Swapping Homes Anybody?


Monday, June 27, 2016

See Berlin by Boat

The best way to get a good overall impression of Berlin is to go on a bus or a boat tour. We'd done a bus tour before and were hoping for a bit of a breeze on the water in this hot weather. There are many boat rides of the "hop on and hop off "kind. They will take you along the two rivers, Spree and Havel, and even on the canal if you so choose.
It was an extensive trip of 3 and a half hours. We saw the most famous parts of Berlin, the government buildings, a few remnants of the wall, new fancy apartment buildings built in what used to be the former East; 1 million plus apartments without a kitchen because the logical thinking is that their clients work all day and go out for meals.
We learned that Berlin has more bridges (969) than Paris or even Venice (410).
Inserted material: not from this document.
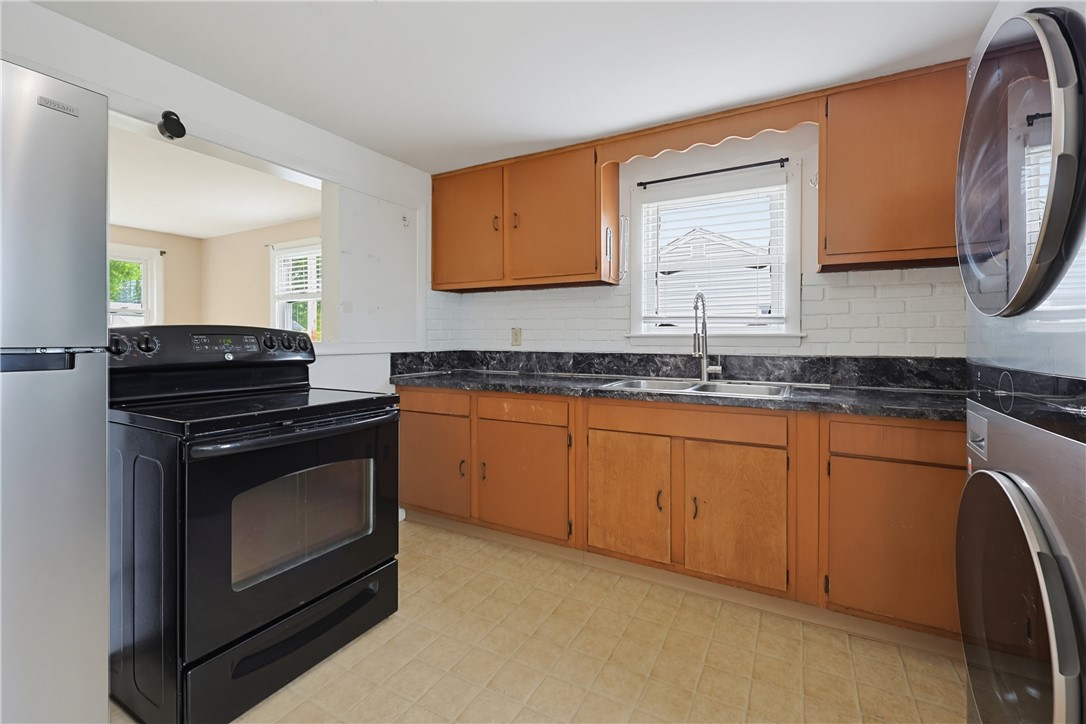 29 Rosedale Drive Bristol, RI 02809 - Photo 3 of 34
I just learned that Hamburg has even more :2485.
This is the famous and beautiful Oberbaumbruecke where in the 1800s citizens threw felled trees and logs into the water to make boats pay a tariff on their passage over the river. Only after paying did they remove the obstacles and let the boats through.
Bildergebnis für oberbaumbrücke berlin
Other bridges were not architecturally important, but noteworthy in their surroundings. With this one you had to remain seated and duck down as it was so low.
Bildergebnis für bruecken berlin
Romantic or at least picturesque corners everywhere, especially on the canal.
Bildergebnis für landwehrkanal berlin
Locks always make for interesting viewing. Here there was a man who was inside the restaurant watching the boat being heaved by more than 1 m to the higher level. He started to close the windows of the restuarant until his wife explained to him that it was not the water that was rising...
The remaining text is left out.